Ma, è bene ricordarlo, l’attività di adattamento ha dei limiti, e più crescono le temperature più le cose si complicano. Per l’Ipcc “nei prossimi anni almeno un miliardo di persone è a rischio inondazioni. Se le temperature dovessero aumentare ancora, cosa più che probabile visto che continuano a crescere i gas serra in atmosfera, già intorno a un aumento di 1.7°C-1.8°C (temperatura media globale rispetto al periodo preindustriale) quasi metà della popolazione globale (3,6 miliardi di persone) sarà esposta a condizioni potenzialmente letali. Stesso discorso per le specie animali e vegetali: a questi livelli di temperatura il 14% delle specie è ad altissimo rischio di estinzione”.

Ecco perché è ancora più urgente agire subito, per evitare di innescare una serie di punti di non ritorno che non lascerebbero più spazio all’azione. Ed è per questo che l’Italia deve dotarsi di una Legge sul clima, come fatto da altri grandi Paesi europei, delineando obiettivi, governance, e coinvolgendo attivamente soggetti economici e sociali nella definizione delle politiche climatiche. Una legge che, tra l’altro, deve fare da cornice alle attività di adattamento ma anche a quelle di mitigazione, dato che il successo dell’una dipende dall’altra.

Per quanto riguarda il taglio delle emissioni climalteranti, l’Italia deve aggiornare il Piano nazionale integrato per l’energia e il clima (Pniec) da inviare alla Commissione europea entro giugno. L’ultima bozza diffusa dal Mase per la consultazione con la società civile rivela diverse criticità. Gli obiettivi sulle rinnovabili sono per esempio inferiori rispetto a quelli definiti su scala europea e internazionale e non viene specificato il ruolo delle comunità energetiche nella transizione.

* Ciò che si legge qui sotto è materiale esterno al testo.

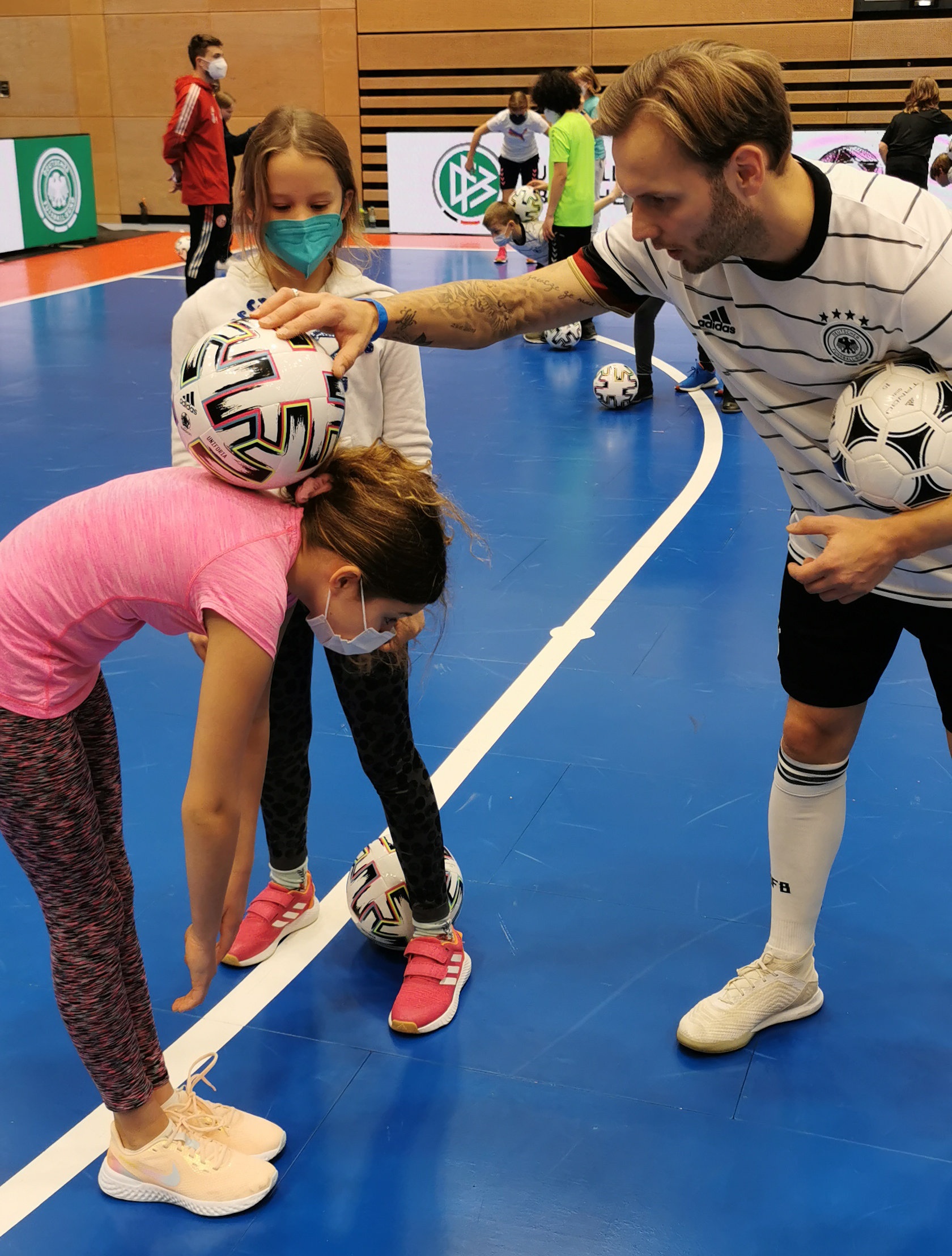 [{"clang_id":1,"value":"Fußballspieler in Deutschland-Trikot hilft zwei Mädchen beim Balancieren von Fußbällen auf dem Kopf in einer Sporthalle. Alle tragen Masken."}]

Ma, come è chiaro, la partita dei cambiamenti climatici si gioca anche su scala globale. I risultati delle prossime elezioni americane ed europee rischiano di rallentare ulteriormente l’azione climatica. Per mettere al sicuro l’impianto del Green deal ci sarà bisogno di confronto, di dibattiti, di lotta alla disinformazione e al greenwashing. Con un 2023 che ci ha messo di fronte alla cruda realtà dei fatti, facendo segnare il record dell’anno più caldo mai registrato con una media che sfiora la soglia di sicurezza di 1.5°C, non sono più ammessi passi falsi in ambito climatico.